[WORK TO BE COMPLETED]: All entries are to be transcribed exactly. Pictures are not part of the copy.

[RECORDS FOR THE TASK]:
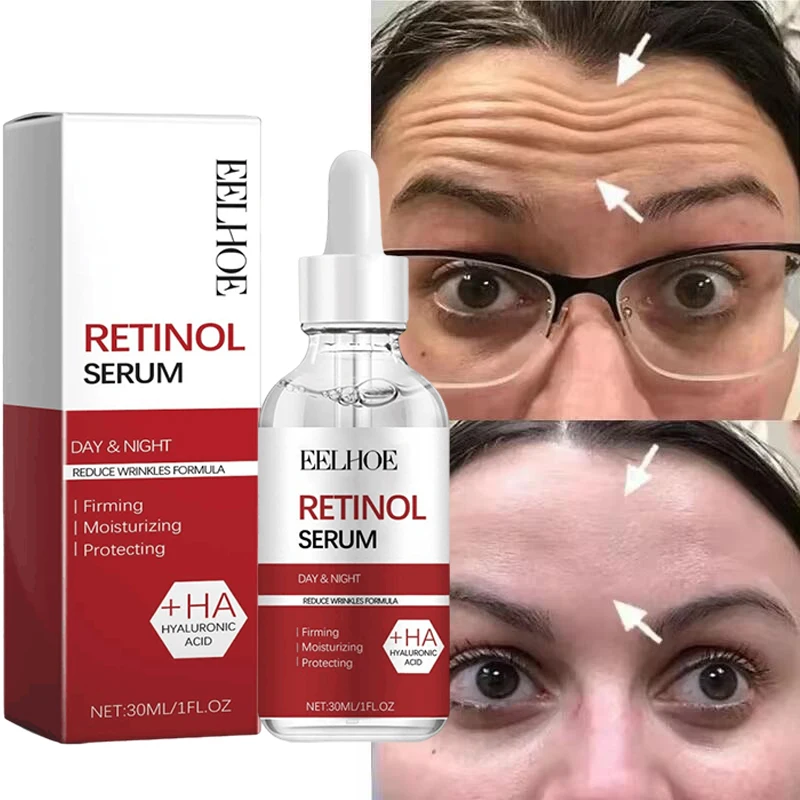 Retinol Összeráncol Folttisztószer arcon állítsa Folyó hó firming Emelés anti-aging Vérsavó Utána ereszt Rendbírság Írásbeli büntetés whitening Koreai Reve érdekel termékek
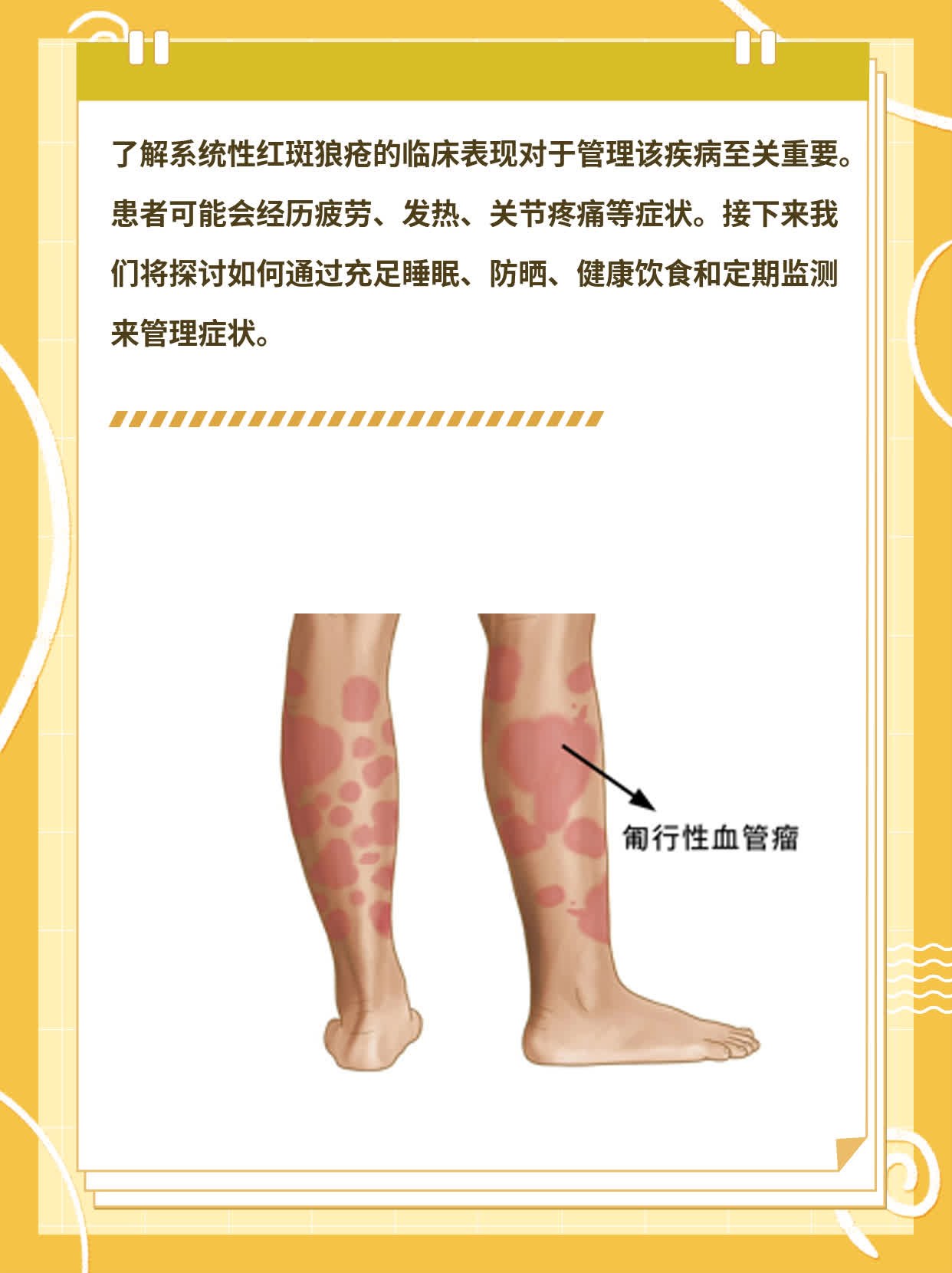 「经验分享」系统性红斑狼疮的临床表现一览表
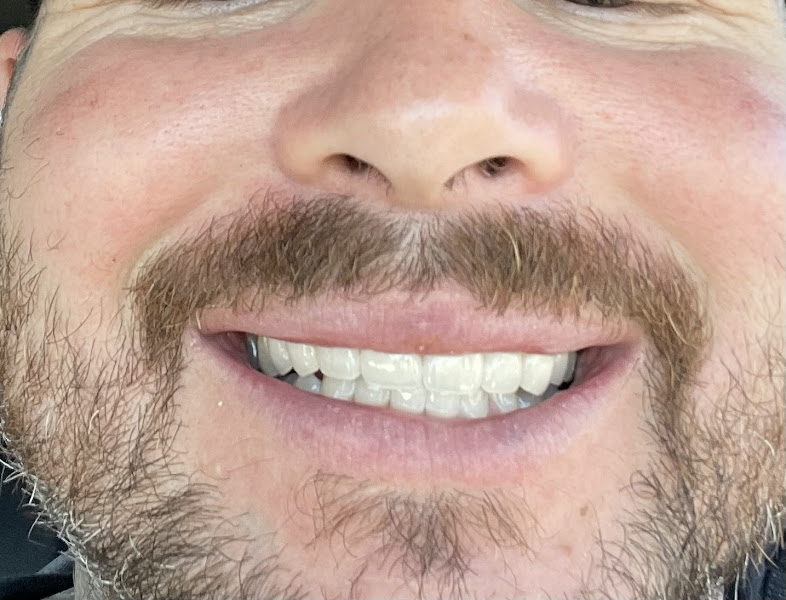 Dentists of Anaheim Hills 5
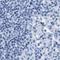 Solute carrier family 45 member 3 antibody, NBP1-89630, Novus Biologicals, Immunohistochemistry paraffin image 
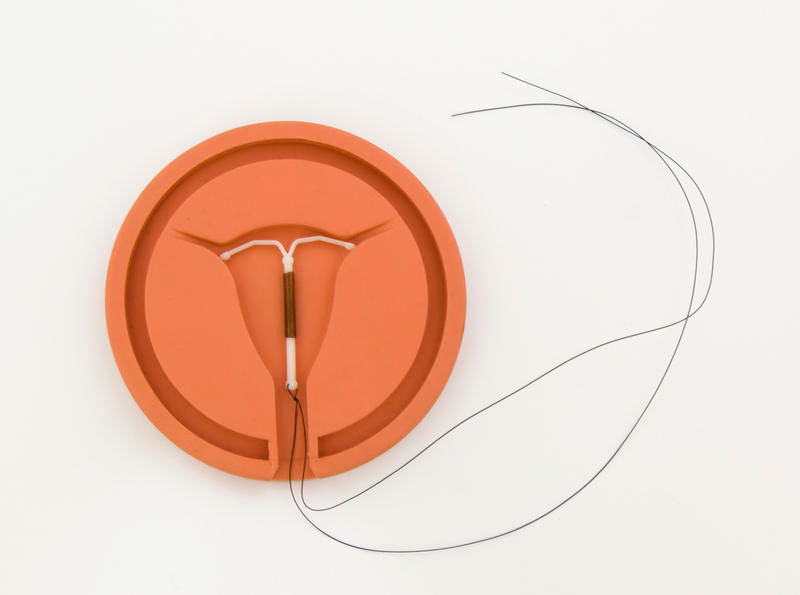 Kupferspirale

[ANSWER SPACE]:
 Retinol Összeráncol Folttisztószer arcon állítsa Folyó hó firming Emelés anti-aging Vérsavó Utána ereszt Rendbírság Írásbeli büntetés whitening Koreai Reve érdekel termékek
 「经验分享」系统性红斑狼疮的临床表现一览表
 Dentists of Anaheim Hills 5
 Solute carrier family 45 member 3 antibody, NBP1-89630, Novus Biologicals, Immunohistochemistry paraffin image 
 Kupferspirale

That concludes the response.